- TASK DATA
★ ★ ★ ★ ★ ★ ★

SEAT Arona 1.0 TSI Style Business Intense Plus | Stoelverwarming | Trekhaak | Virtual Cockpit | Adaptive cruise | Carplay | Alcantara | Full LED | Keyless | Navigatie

★ ★ ★ ★ ★ ★ ★

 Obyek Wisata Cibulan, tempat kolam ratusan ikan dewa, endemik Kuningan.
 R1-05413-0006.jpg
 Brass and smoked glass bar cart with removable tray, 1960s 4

★ ★ ★ ★ ★ ★ ★

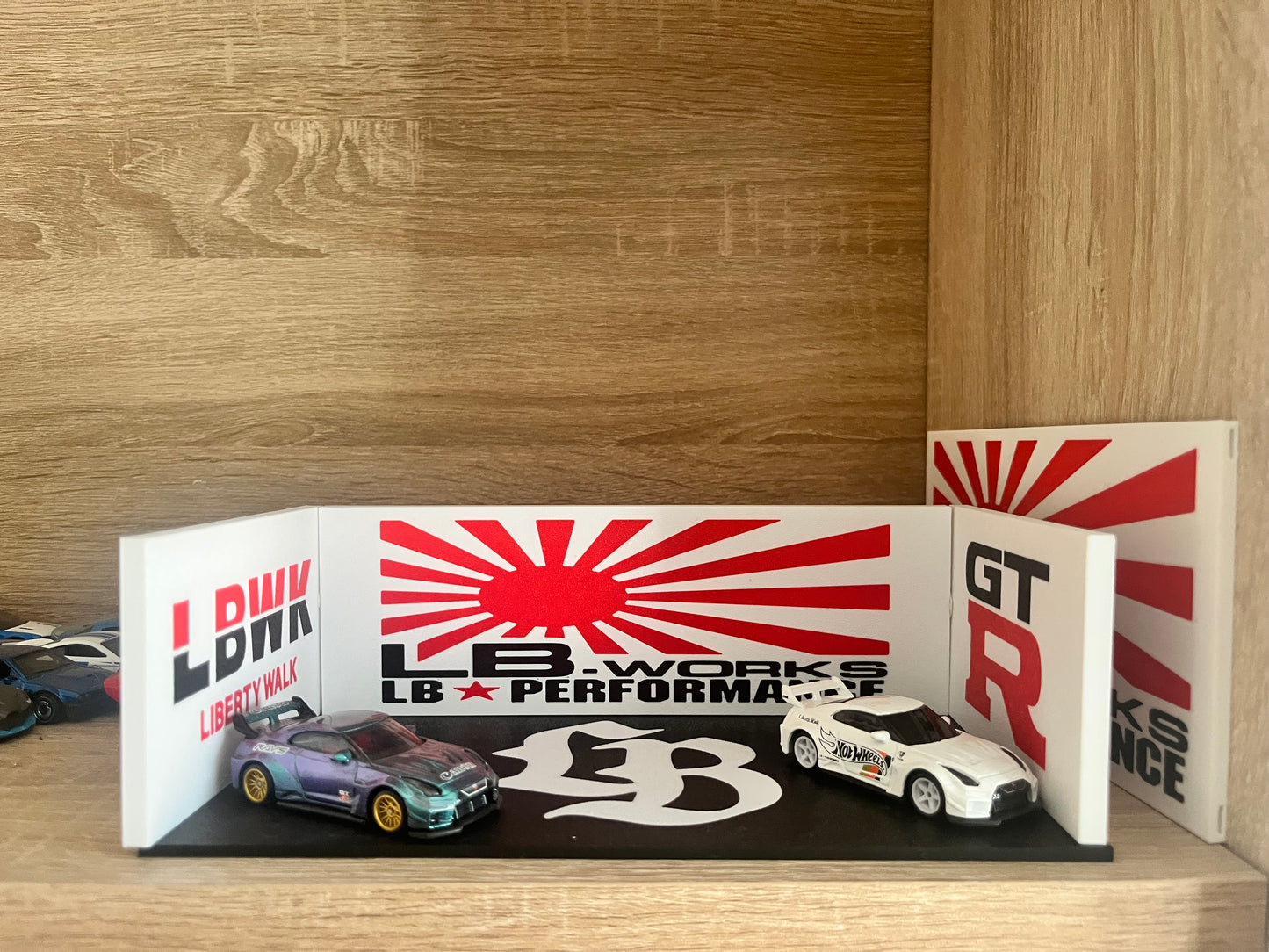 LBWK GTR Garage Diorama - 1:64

★ ★ ★ ★ ★ ★ ★

- PROBLEM
Retype the portion of the data above that starts on the line with "Obyek Wisata Cibulan, tempat" and finishes on the line with "Brass and smoked", including both of those lines.

- THE ANSWER
 Obyek Wisata Cibulan, tempat kolam ratusan ikan dewa, endemik Kuningan.
 R1-05413-0006.jpg
 Brass and smoked glass bar cart with removable tray, 1960s 4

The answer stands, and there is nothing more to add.